Multimodal Fusion of EMG and Vision for Human Grasp Intent Inference in Prosthetic Hand Control

Mehrshad Zandigohar,Mo Han,Mohammadreza Sharif,Sezen Yagmur Gunay,Mariusz P. Furmanek,Mathew Yarossi,Paolo Bonato,Cagdas Onal,Taskin Padir,Deniz Erdogmus,Gunar Schirner

Objective: For transradial amputees, robotic prosthetic hands promise to regain the capability to perform daily living activities. Current control methods based on physiological signals such as electromyography (EMG) are prone to yielding poor inference outcomes due to motion artifacts, muscle fatigue, and many more. Vision sensors are a major source of information about the environment state and can play a vital role in inferring feasible and intended gestures. However, visual evidence is also susceptible to its own artifacts, most often due to object occlusion, lighting changes, etc. Multimodal evidence fusion using physiological and vision sensor measurements is a natural approach due to the complementary strengths of these modalities.

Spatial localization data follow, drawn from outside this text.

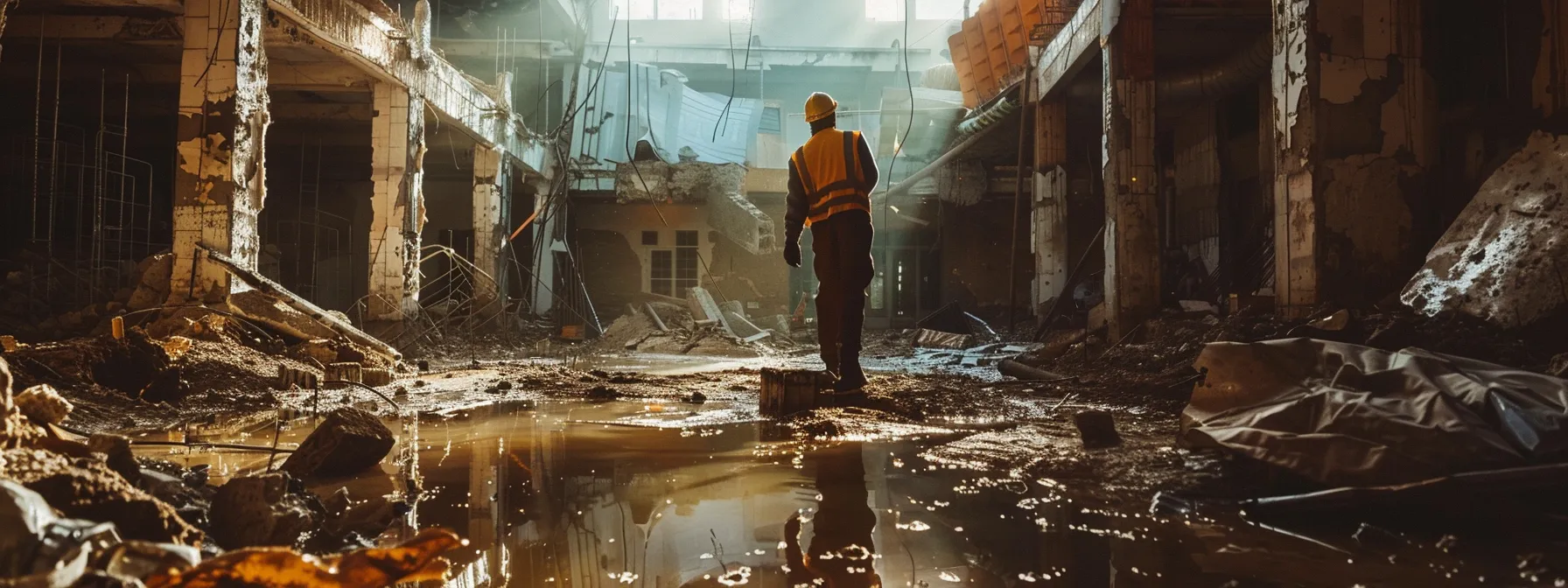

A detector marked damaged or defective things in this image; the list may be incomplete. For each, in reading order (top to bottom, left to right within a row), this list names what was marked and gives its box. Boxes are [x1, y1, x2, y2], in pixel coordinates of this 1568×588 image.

broken pillar [172, 0, 273, 303]
broken pillar [369, 81, 425, 322]
broken pillar [472, 144, 508, 318]
broken pillar [1106, 0, 1162, 340]
broken pillar [1274, 0, 1435, 317]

Methods: In this paper, we present a Bayesian evidence fusion framework for grasp intent inference using eye-view video, eye-gaze, and EMG from the forearm processed by neural network models. We analyze individual and fused performance as a function of time as the hand approaches the object to grasp it. For this purpose, we have also developed novel data processing and augmentation techniques to train neural network components. Results: Our results indicate that, on average, fusion improves the instantaneous upcoming grasp type classification accuracy while in the reaching phase by 13.66% and 14.8%, relative to EMG (81.64% non-fused) and visual evidence (80.5% non-fused) individually, resulting in an overall fusion accuracy of 95.3%. Conclusion: Our experimental data analyses demonstrate that EMG and visual evidence show complementary strengths, and as a consequence, fusion of multimodal evidence can outperform each individual evidence modality at any given time.

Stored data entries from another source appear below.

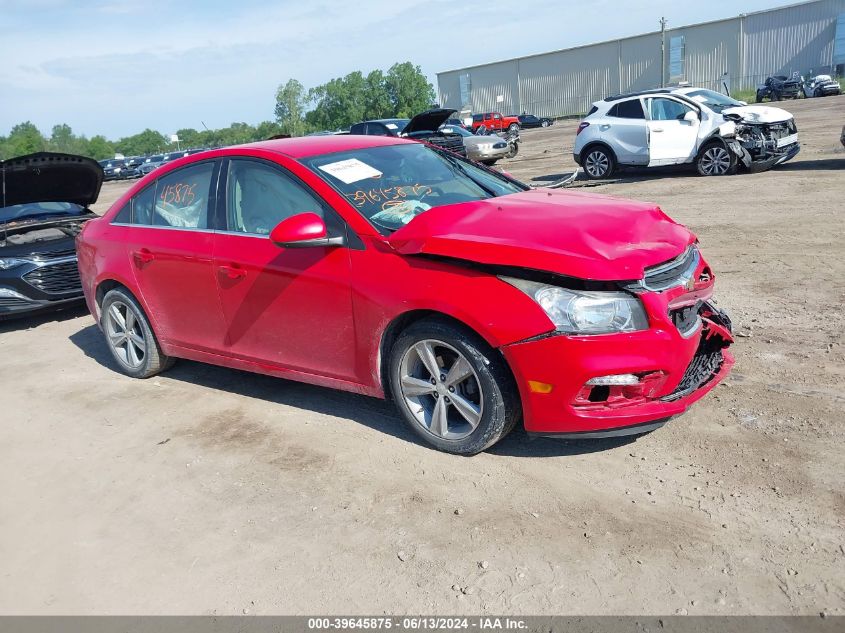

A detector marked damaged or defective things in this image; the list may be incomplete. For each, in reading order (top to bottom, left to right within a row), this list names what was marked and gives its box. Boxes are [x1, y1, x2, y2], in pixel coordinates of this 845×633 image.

damaged white suv [572, 86, 796, 178]
crumpled hood [720, 103, 792, 123]
crumpled hood [0, 151, 102, 206]
crumpled hood [390, 185, 692, 278]
damaged red car [81, 137, 740, 454]
broken headlight [502, 276, 648, 336]
damaged front bumper [502, 249, 732, 436]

翻译：摘要：目的：对于经桡骨截肢者而言，机器人假肢手有望恢复其日常生活活动能力。当前基于肌电图（EMG）等生理信号的控制方法易因运动伪影、肌肉疲劳等多种因素导致推断效果不佳。视觉传感器作为环境状态的主要信息源，在推断可行且预期的抓取姿态中可发挥重要作用。然而，视觉证据同样易受物体遮挡、光照变化等自身伪影影响。利用生理与视觉传感器测量的多模态证据融合因其模态互补优势成为自然选择。方法：本文提出一种基于贝叶斯证据融合的抓取意图推断框架，通过神经网络模型处理眼视角视频、眼动轨迹和前臂EMG信号。我们分析了手部接近抓取物体过程中各模态及融合性能随时间的变化规律。为此，我们还开发了新型数据处理与增强技术以训练神经网络组件。结果：结果表明，在接近阶段，融合方法将瞬时抓取类型分类准确率相较于单独EMG（非融合准确率81.64%）和视觉证据（非融合准确率80.5%）分别平均提升13.66%和14.8%，最终融合准确率达95.3%。结论：本实验数据分析表明，EMG与视觉证据呈现互补优势，因此多模态证据融合在任意时刻均可优于任一单独证据模态。